Just for Fun: pico-brewing

I bottle condition the beers I make using a small shot of sugar and/or (sometimes) some of the trub, cos that’s the only way I really have of ensuring a good carbonation in the final product. OK, it also helps the flavors mature just a tad, as well. But since I add a tad of sugar to each bottle for the conditioning process, it does mean I have a lil sediment in every bottle–some more, some less.

So, as a lil experiment, I’ve been saving the sediment in one (clean) bottle and now I’m making a “one boittle pico-brew” out of it. *heh*

Added about a tablespoon of molasses and warm water, shook. Roasted some pearled barley (cos it’s what I had) and ground it up really fine; added a little Malt-O-Meal to that and ground it up some more; funneled about a tablespoon of that into the bottle, filled it with warm water, gently rolled it around a bit to get that mixed well, then placed the lid of the swingtop bottle loosely on top. Placed the bottle in my conditioning drawer. Last I looked, the top was acting as a kinda one-way airlock letting carbon dioxide out, but seemed to settle back on down after each lil mini-burp. Nice floculant on top & I can see it actually brewing.
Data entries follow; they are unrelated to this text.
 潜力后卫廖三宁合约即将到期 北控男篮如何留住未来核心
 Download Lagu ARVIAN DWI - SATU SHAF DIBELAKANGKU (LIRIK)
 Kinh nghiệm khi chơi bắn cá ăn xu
It may be a tad high in sugar content, what with the molasses and malted grains, but… oh, well. 🙂

We’ll see how this turns out. Even though I used some trub-heavy sediment from the bottles, I don’t expect much in the way of hopsiness, and it’ll be REAL heavy on sediment (trub, in this case)… which I’ll save when I decant it into another bottle for further conditioning.
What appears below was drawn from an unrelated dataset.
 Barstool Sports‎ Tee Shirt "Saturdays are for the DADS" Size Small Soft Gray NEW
Heck. I just thought: shoulda added some coffee to it. *heh* Maybe next time, if this turns out at all well…

*heh*

Yeh, weird. And just for fun. Not going to count as one of my “real” brewing experiments, but might just turn out semi-drinkable anyway.
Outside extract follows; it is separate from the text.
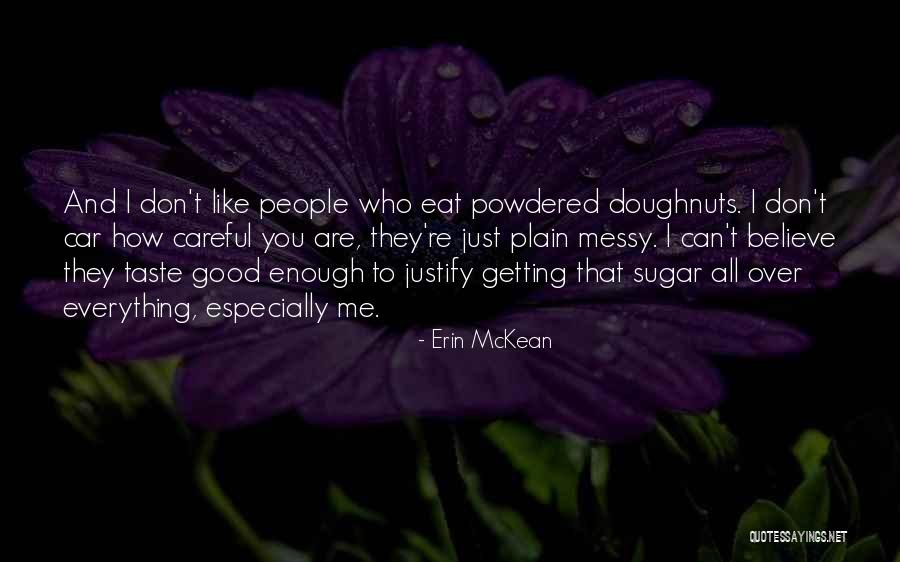 People Who Are Messy Quotes By Erin McKean People Who Are Messy Quotes By Erin McKean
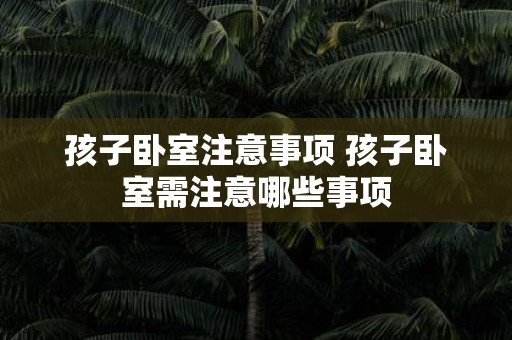 孩子卧室注意事项 孩子卧室需注意哪些事项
And the trub? Gonna make some bread. In fact, I have some I saved and dried just for that purpose. Think maybe I’ll make some “beer bread” tonight.


BTW, you know the oldest known beer recipe used bread to make the beer. In fact, it seems from the context of the Sumerian text that’s been translated that beer was thought of as something like liquid bread (as it appears some Medieval monastic orders also thought).